Era por volta das quatro horas da tarde, quando chegamos a Varsóvia. Estava realmente quente aquela tarde. Eu só pensava em encontrar um bom hostel, tomar uma ducha e descansar um pouco. Antes de nos despedirmos, ele me pediu para esperar; seu pai estava a caminho e talvez rolasse uma carona. Bingo! Não só ganhei uma carona, como me levaram para um colégio religioso, onde eu poderia me hospedar. Quem já viajou pela Europa sabe o quão difícil é arranjar um albergue durante o verão. São caros e abarrotados de turistas.

O colégio estava praticamente vazio. Os alunos estavam de férias. Tirando dois chineses e um padre que também se hospedava por lá, os quartos e os corredores ficavam praticamente vazios, boa parte do dia. Normalmente, procuro chegar ao país com algum dinheiro local, ou pelo menos tento trocá-lo de imediato numa casa de cambio. Mas, não foi o que aconteceu. Estava esgotado. Resolvi tomar um banho, desfazer a mochila e descansar um pouco enquanto a tarde morria.

Acordei assustado, com o vento se insinuando na minha janela. Era quase nove da noite. Tinha dormido mais do que o esperado. Precisava sair para trocar dinheiro e comer alguma coisa.  Um senhor que estava na portaria, me contou que tinha uma casa de cambio do outro lado da avenida. Mas que eu me apressasse, pois fechava dentro de alguns minutos.

Voltei para o quarto, peguei 100 libras que estavam sobre a cômoda e corri para a casa de cambio.

“No meio do caminho tinha uma pedra. Tinha uma pedra no meio do caminho”. Não tinha uma pedra, como disse Drummond, mas um bonde junto do semáforo. Não tive dúvidas, atravessei pouco antes de o bonde chegar e fora da faixa de pedestres. E esse foi o meu maior erro.  

Já nas proximidades da casa de cambio, o vento quente trouxe o grito de uma sirene. A rua estava deserta, não me preocupei.Continuei a caminhar. Foi quando a viatura avançou em minha direção, parando quase em cima da calçada.  Sim, a bronca era comigo. Mas por qual motivo?

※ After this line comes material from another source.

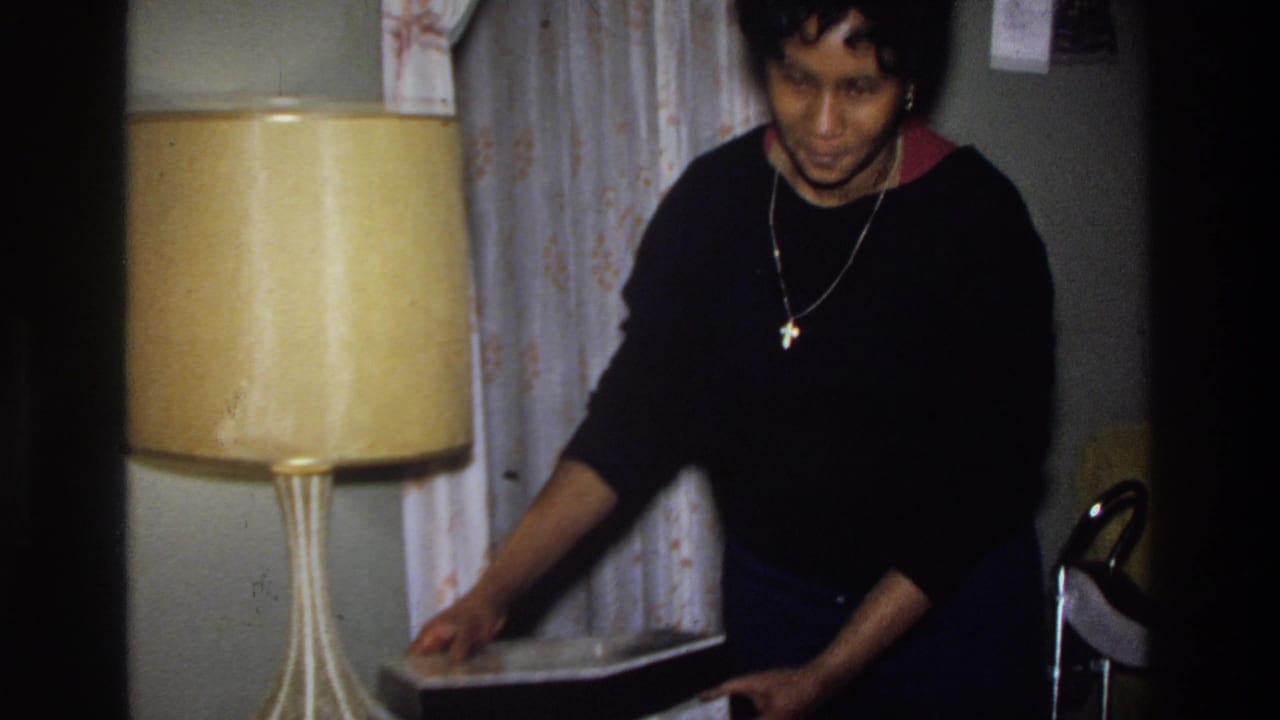 Woman in black sweater with visible cross pendant glances toward camera beside a large amber drum lamp in a mid-1970s American living room.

Como aprendemos desde pequeno assistindo aos filmes americanos, coloquei as mãos na parede. Em caso de dúvida, siga o manual. Foi então que iniciamos um breve diálogo. Os guardas em polonês e eu português-inglês. Chegamos a um consenso quando eles disseram repetidamente a palavra passaport. Claro, meu passaporte! Isso, se eu tivesse me lembrado de pegar. Na pressa, não lembrei. Estávamos diante de um impasse diplomático.

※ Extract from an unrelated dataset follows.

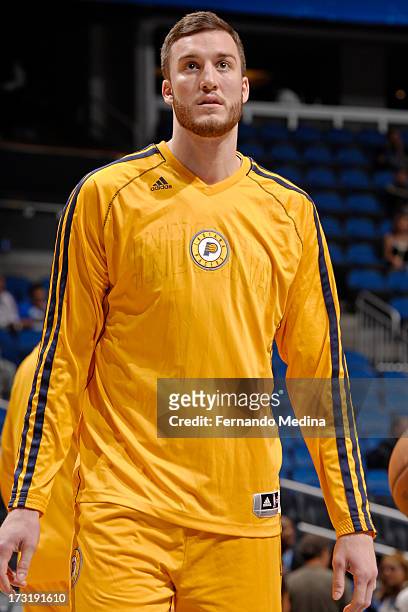 Miles Plumlee of the Indiana Pacers warms up before the game against the Orlando Magic on March 8, 2013 at Amway Center in Orlando, Florida. NOTE TO...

Tentei argumentar em inglês, dizendo que havia esquecido o passaporte no colégio, mas que poderia  buscá-lo. Não adiantou. Acho que não entenderam, ou eu não me fiz entender. Não me algemaram, mas me fizeram entrar na viatura. “ Pronto! To fodido”, pensei. Preso, e nem sei por quê. Quem sabe andar sem passaporte já seria um bom motivo para averiguação, não?

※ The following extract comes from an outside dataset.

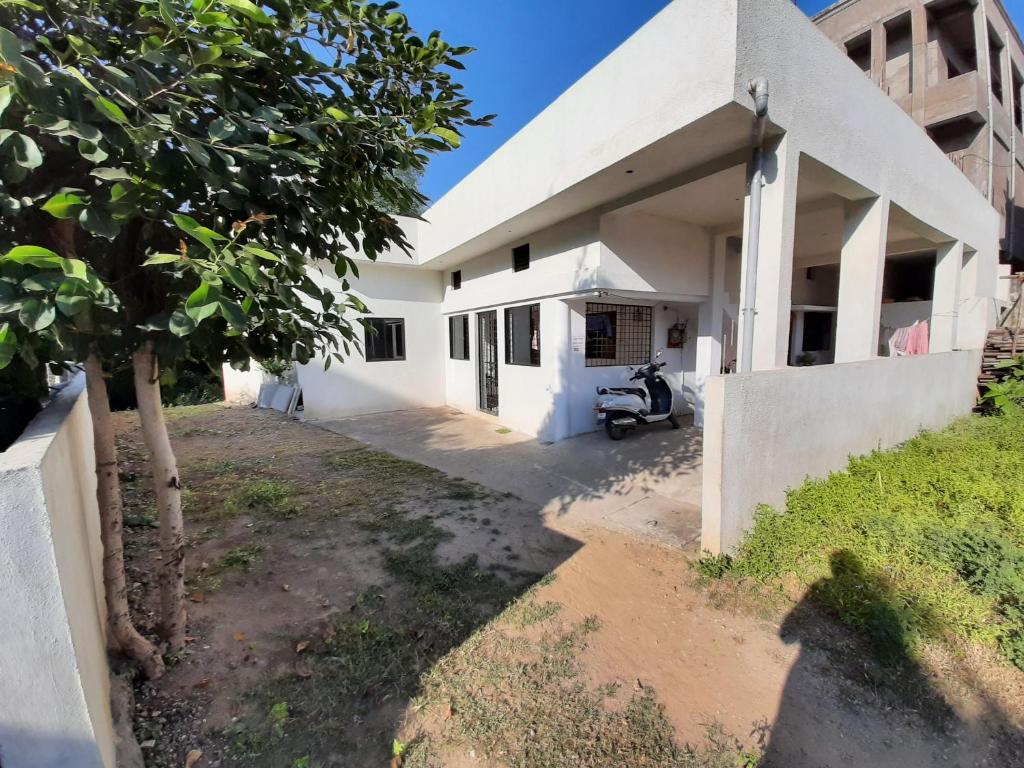 un edificio blanco con un árbol delante en Beds & Boys Hostel, en Nagpur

Depois de quase dez minutos dentro do carro, esperando por uma resposta que nunca chegava[ acho que não sabiam para onde me levar ], lembrei que durante a viagem, eu anotei o telefone do Tony. Estava num pedaço de papel, em algum dos bolsos da calça. Por sorte, usava o mesmo jeans. Entreguei o papel a um dos policias e por meio de mímicas, pedi para que eles ligassem para o número.

Não precisei ir até a chefatura de policia. Descobri que além de não portar passaporte, tinha cometido outras duas infrações. Atravessei a rua sob sinal vermelho e fora da faixa de pedestres. Os guardas foram gentis, e me deixaram voltar para o albergue. No entanto, não escapei da multa.

No dia seguinte, reencontrei meu amigo polonês, sua namorada e uma amiga. Convidei os para jantar. Era o mínimo que eu podia fazer, depois de tudo.

Nunca mais deixei de andar na faixa de pedestres ou desrespeitei a sinalização. Não fora do Brasil!